_What to produce_
Would you transcribe the entries below, beginning at the line with "Акция &laquo;Бонус за&nbsp;вклад&raquo;" and ending after the line with "노타 AI, 한국의 차세대 AI 스타트업", exactly, with no picture and nothing more?

_The input_
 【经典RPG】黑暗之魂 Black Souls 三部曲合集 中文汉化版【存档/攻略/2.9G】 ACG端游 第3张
==
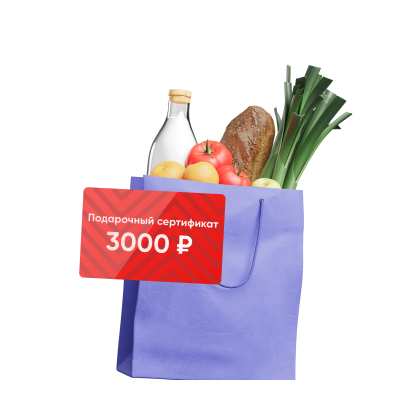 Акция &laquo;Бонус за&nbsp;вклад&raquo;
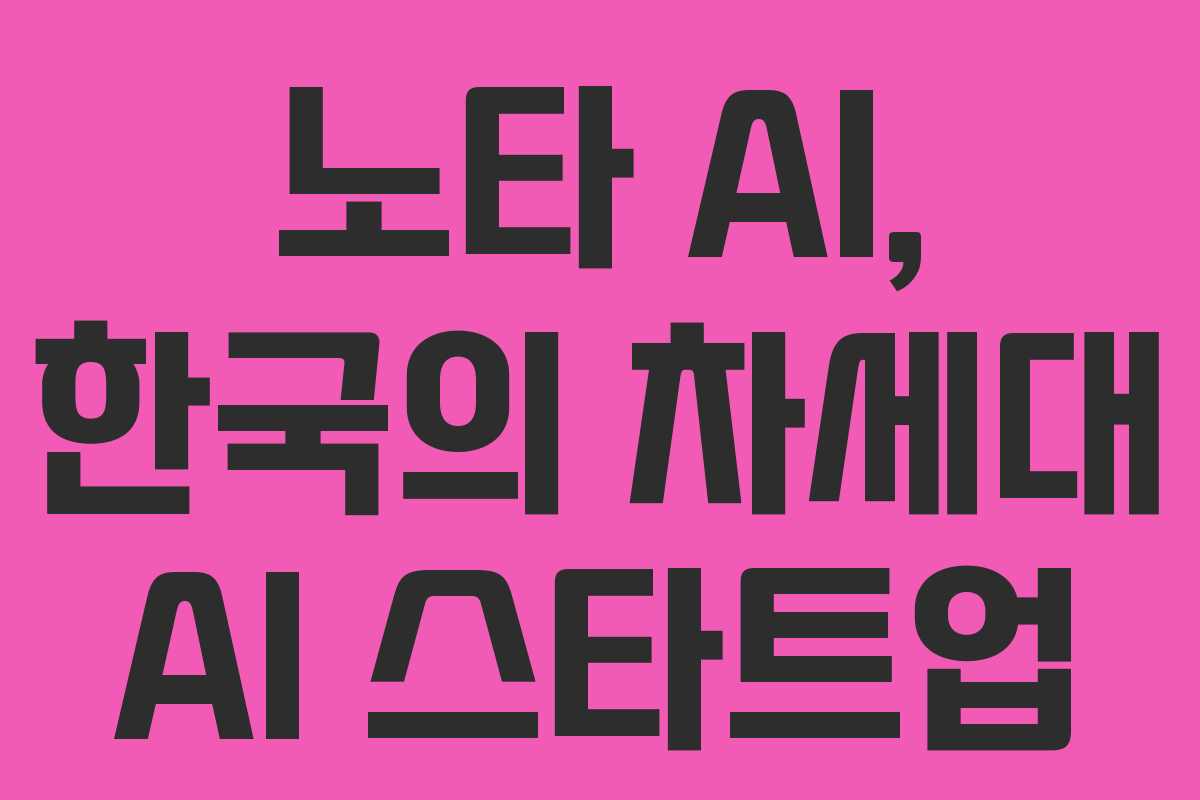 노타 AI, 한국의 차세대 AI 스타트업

_Output for this task_
 Акция &laquo;Бонус за&nbsp;вклад&raquo;
 노타 AI, 한국의 차세대 AI 스타트업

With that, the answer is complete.